Better get those compiler flags right!
In addition to sheer performance, we might add that algorithms that are supposed to be "wait free" can't really be said to be wait free if the atomic operations they rely on are implemented with a loop under the hood. So, on Armv8 they aren't really wait free, on Armv8.1 they are.
Where ARM LDX/STX really shine is in more complex operations. You can do pretty-much-arbitrary operations on up to 128b of data, atomically and locklessly, without suffering from the ABA problem, and with hardware forward progress guarantees.
This is _great_ for things like MPMC queues. Much of the classical complexity gets dropped and you end up with surprisingly readable (and performant) code.
(Ditto for atomic updates of things like status words and such. Expressing things like "if field A, increment field B, if overflow set flag C" (anonymized from an actual usecase) is simple with LDX/STX but between difficult and impossible in classical atomics (depending on how much you care about forward progress and ABA issues))

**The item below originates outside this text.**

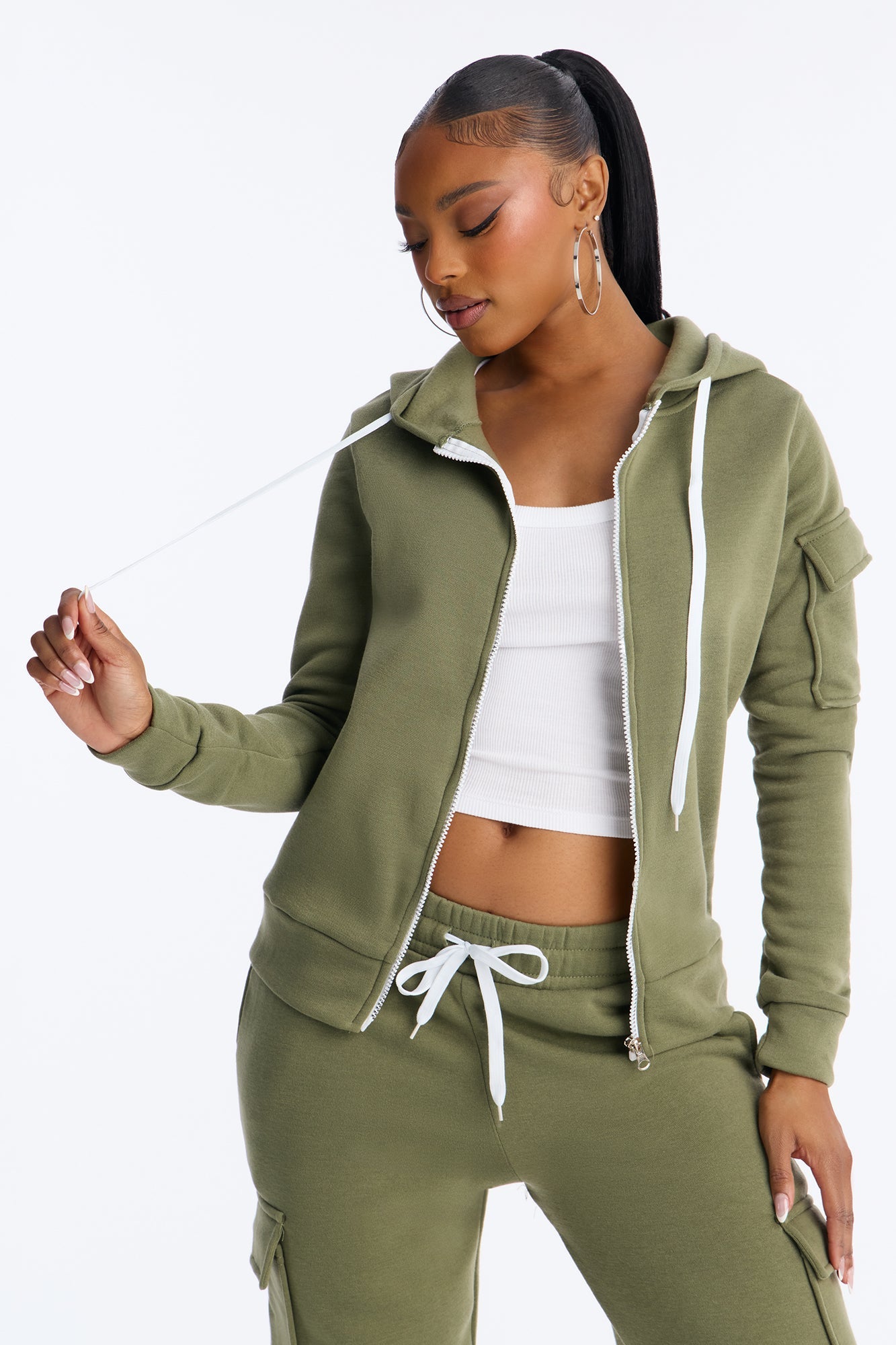 On The Run Cargo Fleece Pant Set - Olive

Unfortunately this was DOA the moment ARM recommended using intrinsics for these operations. You can't access the full power of LDX/STX using intrinsics, mainly due to the memory access requirements (you can't access other memory between the LDX/STX, which compilers won't guarantee), which means that you end up having to rewrite operations into load / CAS loops... which drops all of the niceities of LDX/STX on the floor (no forward progress guarantees, ABA pops up as an issue again, etc, etc) and ends up with them being worse than classical atomics.
Still great if you don't mind writing (extended) asm though. Especially in applications where you expect the atomics to be lightly loaded (and hence throughput more important than time in the critical section) (e.g. doing atomic updates to semi-random locations in a 100MB array)
Any idea what might be causing the odd-even throughput fluctuations?